- Title frame
- Directed by: Humphrey Jennings
- Written by: Humphrey Jennings
- Produced by: Ian Dalrymple
- Narrated by: Laurence Olivier
- Edited by: Stewart McAllister
- Production company: Crown Film Unit
- Release date: 28 April 1941 (UK);
- Running time: 8 minutes
- Country: United Kingdom
- Language: English

= Words for Battle =

Words for Battle (also known by its original title In England Now) is a British propaganda film produced by the Ministry of Information's Crown Film Unit in 1941. It was written and directed by Humphrey Jennings, and features seven sequences, each containing images of rural and urban Britain at war overlaid with audio commentary by Laurence Olivier, reciting passages from different English literary works and speeches.

== Synopsis ==
In 1941 England is an idyllic and bountiful place as depicted by Philemon Holland's translation of William Camden's Britannia. A recitation of part of John Milton's tract Areopagitica, accompanies images of Westminster Abbey, Royal Air Force recruits in flight training and Adolf Hitler speaking with Nazi officers. The words from William Blake's poem Jerusalem punctuates a scene of children being evacuated from London. Images of Royal Navy destroyers at sea are backed by Robert Browning's Home-thoughts, from the Sea.

Firemen and police officers searching through the remains of damaged houses during the Blitz are accompanied by a recitation of Rudyard Kipling's The Beginnings. Winston Churchill inspecting a parade of soldiers has his 1940 speech, We shall fight on the beaches in the background. Post-Blitz, as Churchill's speech continues, rebuilding of homes and businesses is taking place. An extract from Abraham Lincoln's Gettysburg Address coincides with footage of tanks passing the statue of Lincoln in Parliament Square with the chimes of Big Ben punctuating civilians travelling to work.

==Production==
Words for Battle was produced with the purpose of raising morale and is an example of compilation documentary, in which various film extracts are assembled into a coherent whole, accompanied by a commentary to explain the intended message and powerfully associates these passages with music by Handel and Beethoven. This form of documentary was used for other British wartime propaganda films, such as Britain at Bay (1940).

==Reception==
The director Humphrey Jennings described Words for Battle as being about "the Lincoln statue in Parliament Square". On this basis, film historian Michael Bartlett has emphasised the final sequence, stating that it "underlines Jennings' belief in the ordinary man and woman as both the nation's driving force and the rightful beneficiaries of victory in war", as underlined by the words of the address about "the government of the people, by the people, and for the people". Historians Anthony Aldgate and Jeffrey Richards in Britain Can Take It: British Cinema in the Second World War, have pointed to the importance of the image of St Paul's Cathedral during the Blitz, juxtaposed with Churchill's words "we shall never surrender", as one of many examples of the use of the undamaged landmark as an artistic symbol for British defiance.

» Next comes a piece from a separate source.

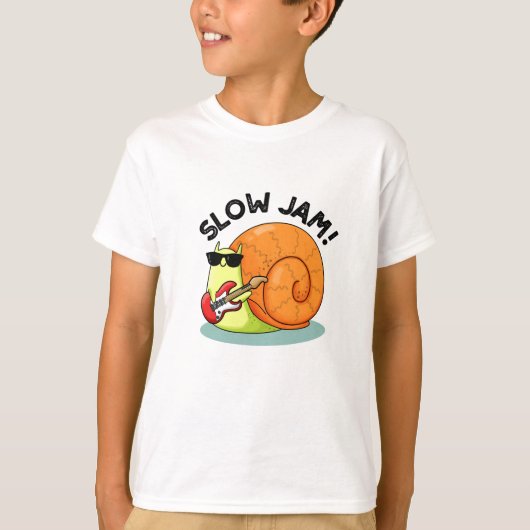 Slow Jam Funny Music Snail Pun T-shirt (Voorkant)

Words for Battle was heavily criticised by the Documentary News Letter, a publication produced by documentary film-makers who favoured realism over poetry. It was described as:

...an illustrated lantern-slide lecture...the effect of which on morale is quite incalculable. The man who must feel most out of place is poor old Handel. As he stood on his gaily coloured barge conducting the Water Music that was to bring him back into royal favour he can hardly have guessed that it would come to this.

==DVD release==
Words for Battle is available in the BFI DVD boxset, Land of Promise: The British Documentary Movement 1930-1950 (2008) and the Complete Humphrey Jennings: Volume 2, Fires were Started (2012). The Imperial War Museum has also released it on DVD as part of a collection of nine propaganda films, under the title: Words for Battle.